1 – Your data might be incomplete or inaccurate
Subjective data doesn’t provide a good basis for deeper analysis and you may never know if you’re working with all the facts or not. Details could be missing because somewhere along the way someone assumed those data points weren’t important enough to include. However, your executive group may view those same elements as necessary factors in making sound business decisions.
2 – It’s not always possible to reconcile subjective data
If a metric appears out of sync for any reason, you likely won’t be able to determine if (and why) it’s erroneous. Do those contingency figures seem unusually high for this particular type of project? Can your team really complete a key sequence of tasks in less time than ever before? The use of subjective data largely eliminates your ability to compare current and past information to ensure your portfolio data is accurate and realistic.

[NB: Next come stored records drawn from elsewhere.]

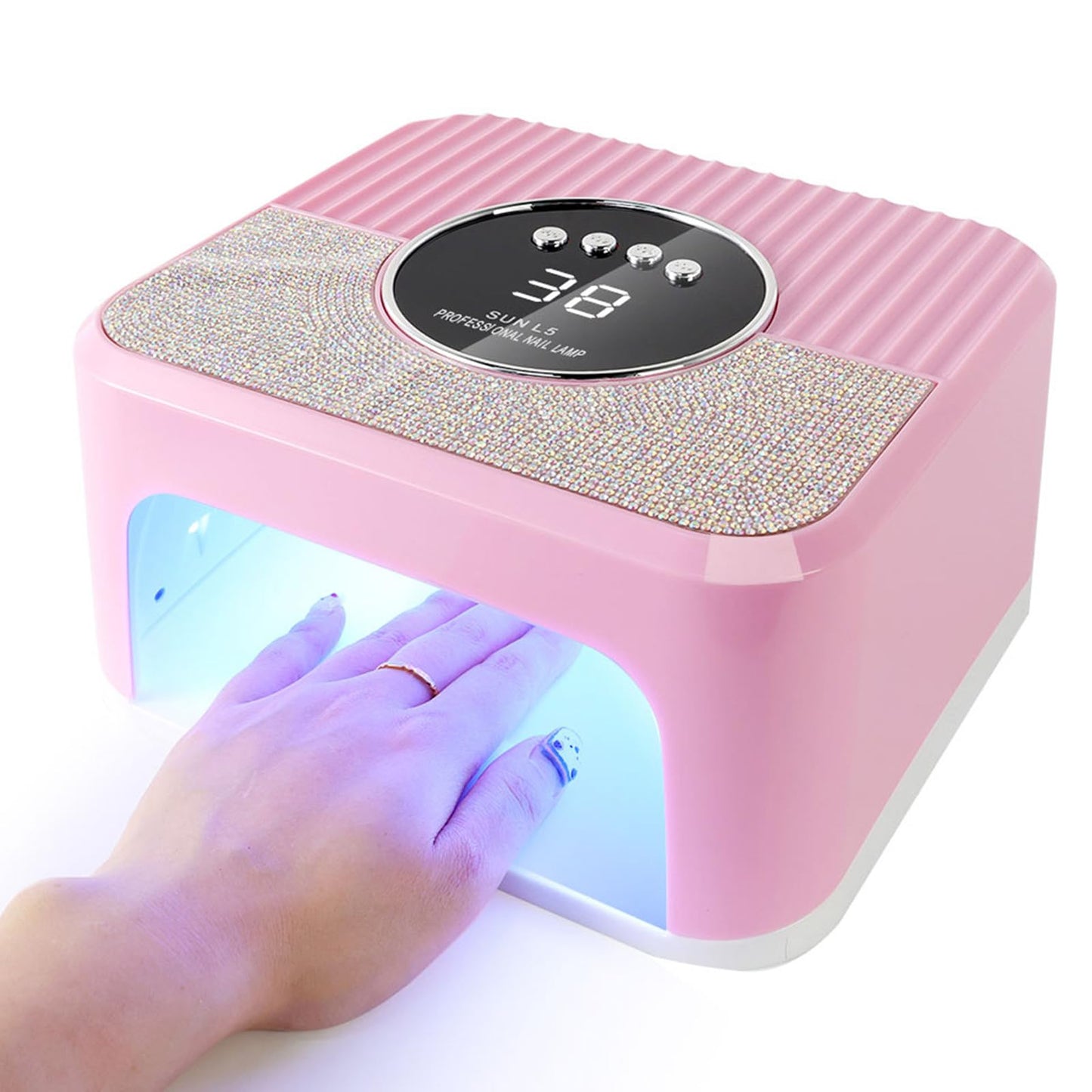 WEATAEDE UV LED Nail Lamp 268W Gel Nail Light Nail Polish UV Dryer with 4 Timer Setting Quick Dry Nail Curing Tools for Salon & Home with 1 Contain Buff Nail Buffer Block（Pink）
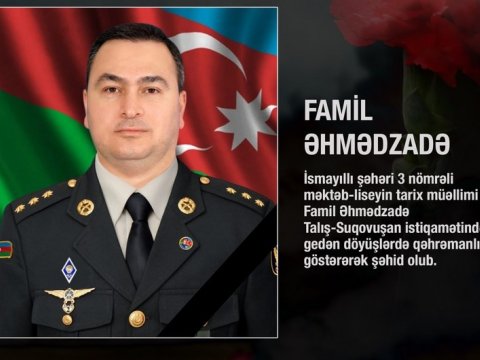 Düşmənə tarixi dərs verərək şəhid olan tarix müəllimi
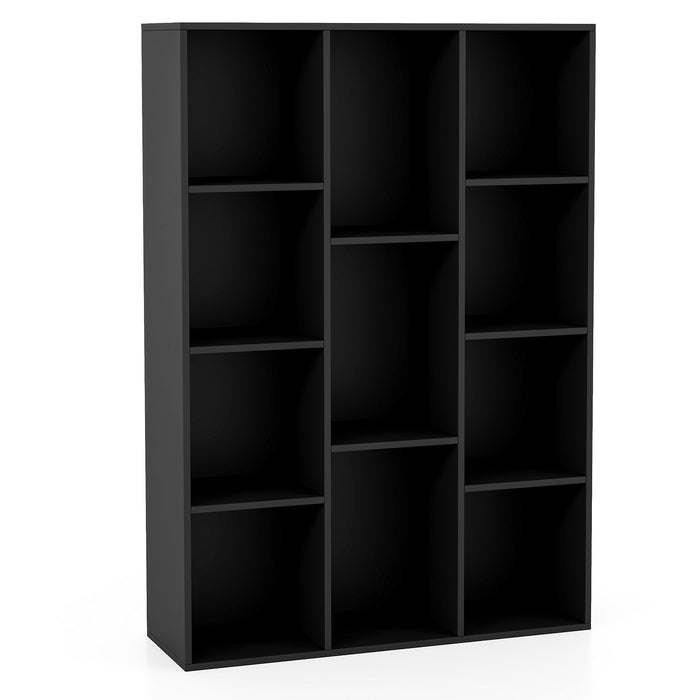 11-Cube Bookcase Modern Geometric Bookshelf with Anti-tipping Kits-White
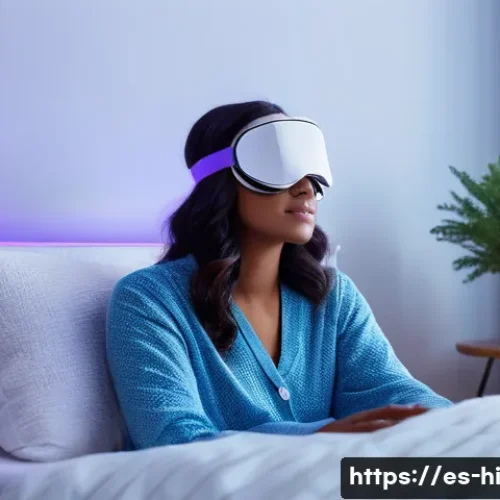 최고의 수면 보조기구 추천 - A modern bedroom scene at night featuring a young adult woman wearing comfortable, modest pajamas an...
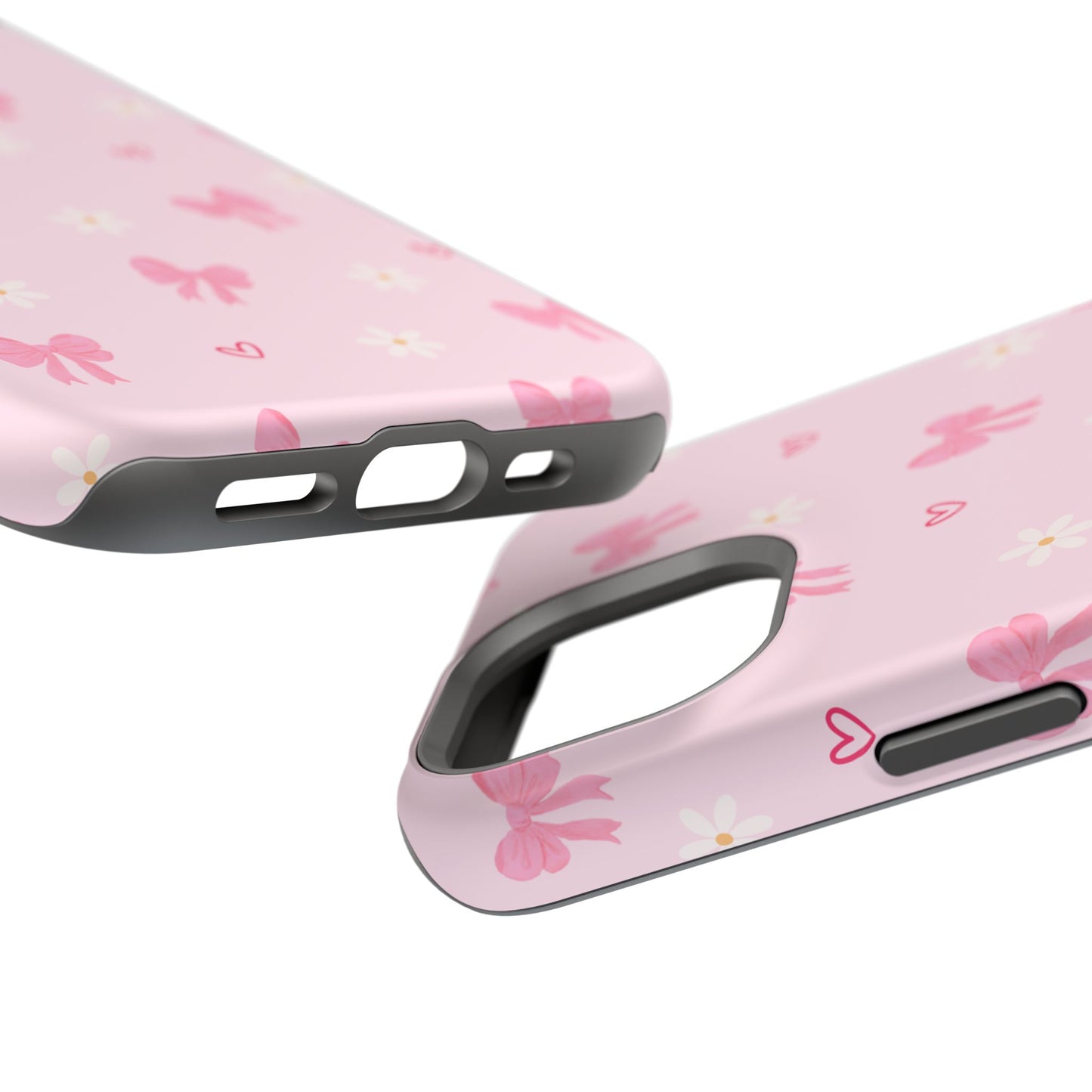 Pink Bow Pattern Magnetic Impact Phone Case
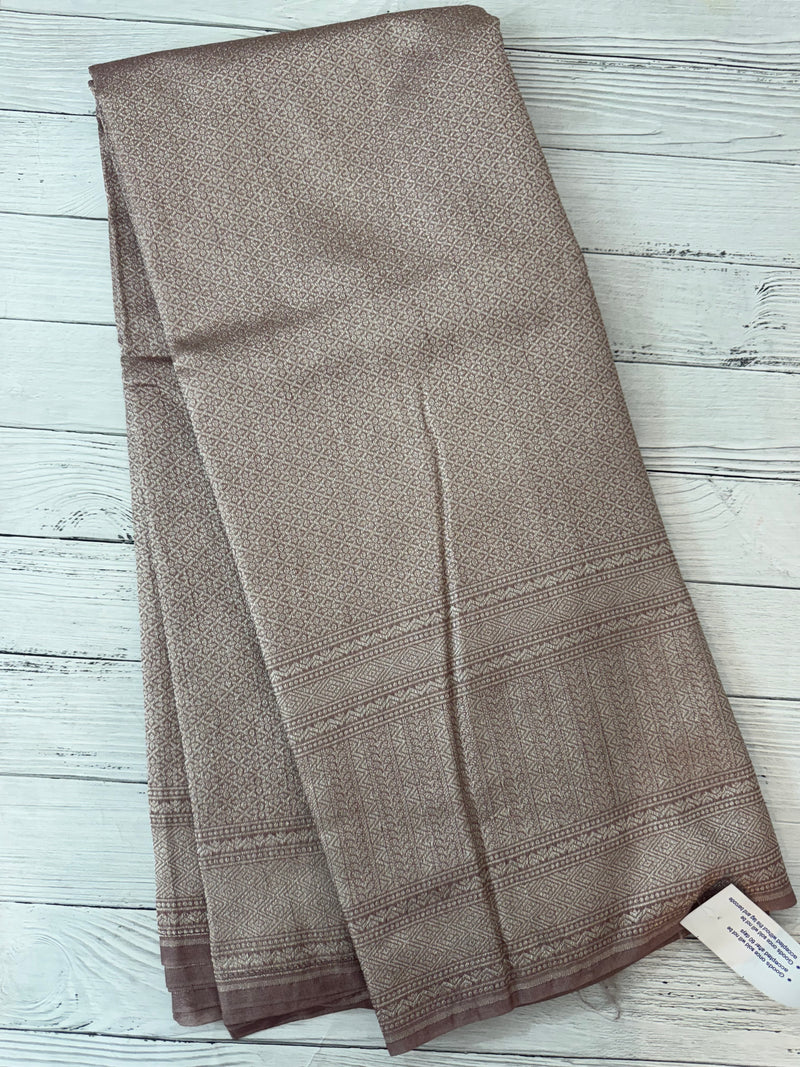 Banarasi semi katan saree in silver zari MS14667- NudePink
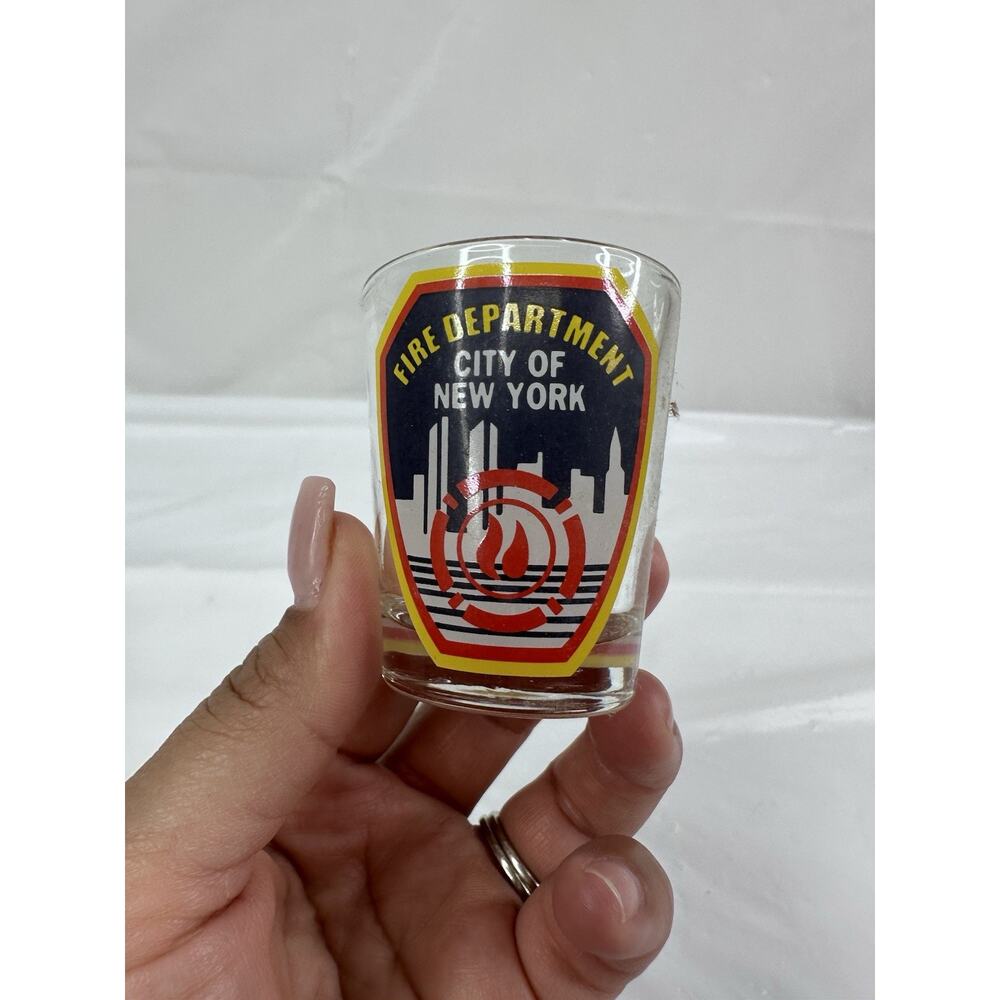 New York YANKEES Shot Glasses MLB New York Fire Department Shot Glass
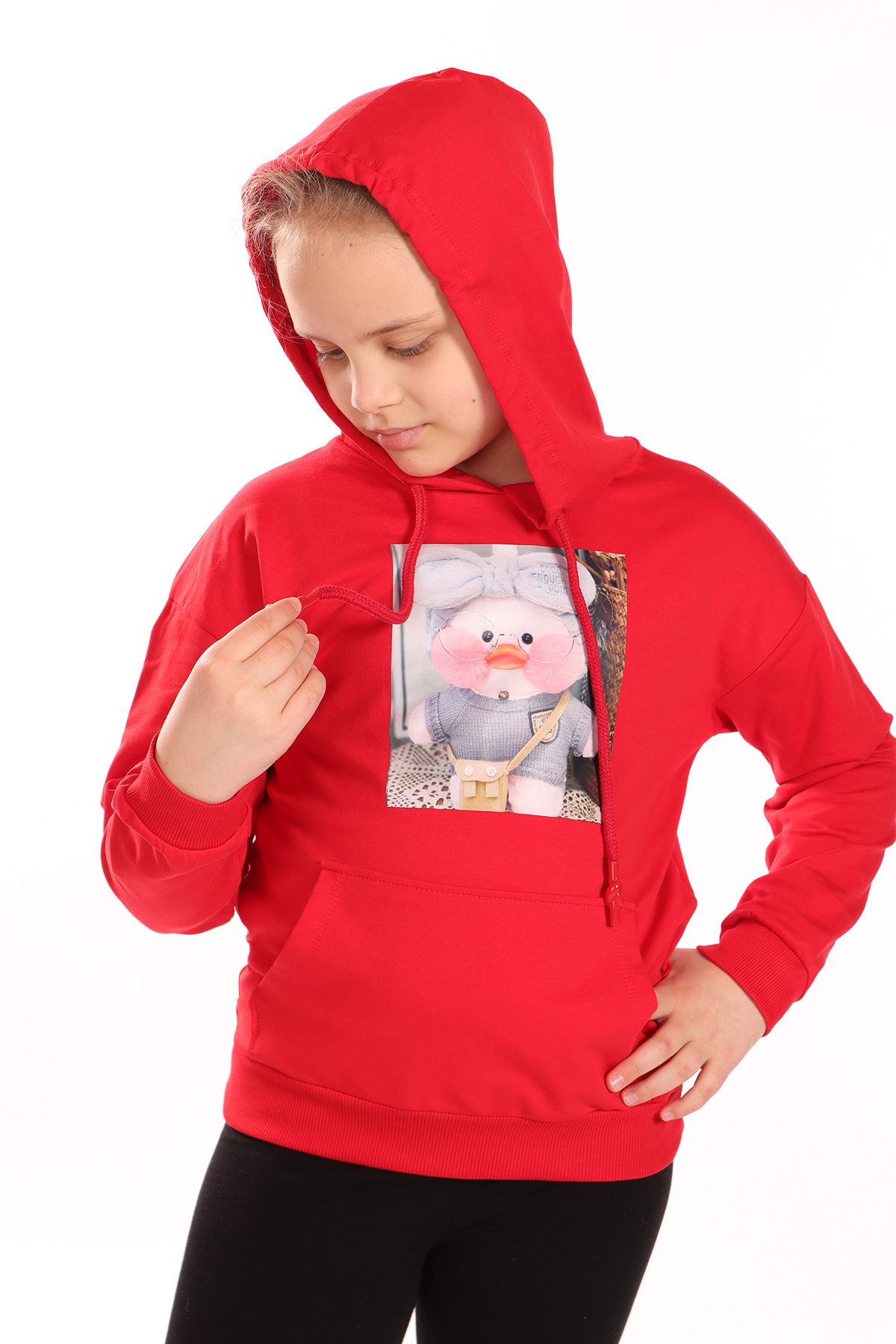 Toontoy Kız Çocuk  Ördek Baskılı Sweatshirt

3 – “Adjusting” your data will eventually backfire
Some people are optimistic, others are more conservative. It’s not uncommon to tweak your analysis of subjective data if you know it contains only one perspective, such as a PM who consistently assumes the worst when developing budget forecasts. However, trying to normalize subjective data across multiple perspectives will result in portfolio-level data that’s even less credible than the individual data points used to generate it. You could end up with data rollups that are so far from reality that they’re useless, leading the executive team to lose confidence in any information they receive.
4 – Your data doesn’t enable you to identify trends over time
When your portfolio information includes subjective measurements, it’s difficult—and sometimes impossible—to know how things are changing. Is your on-time delivery metric improving? Has performance gone up or down? Are ROI figures getting better or remaining the same? Subjective data removes your ability to clearly identify key trends and to accurately track your portfolio’s results over time.
5 – Your data can’t deliver actionable insight for improvement efforts
Anything that influences your project data, from stakeholders trying to make themselves look efficient to forecasts that are based on hunches and instinct, could potentially cloud the picture when it comes to understanding where portfolio and financial performance could be improved. Gauging how well your improvement strategy is faring will be similarly muddled. You simply can’t know if changes to your processes or workflows are positively affecting performance or if improvements stemmed from some lucky confluence of other factors.
Impartial project data is a vital element in building and maintaining a healthy portfolio. If you haven’t already started replacing subjective sources of information with objective data, it’s something your organization should prioritize to ensure good portfolio performance.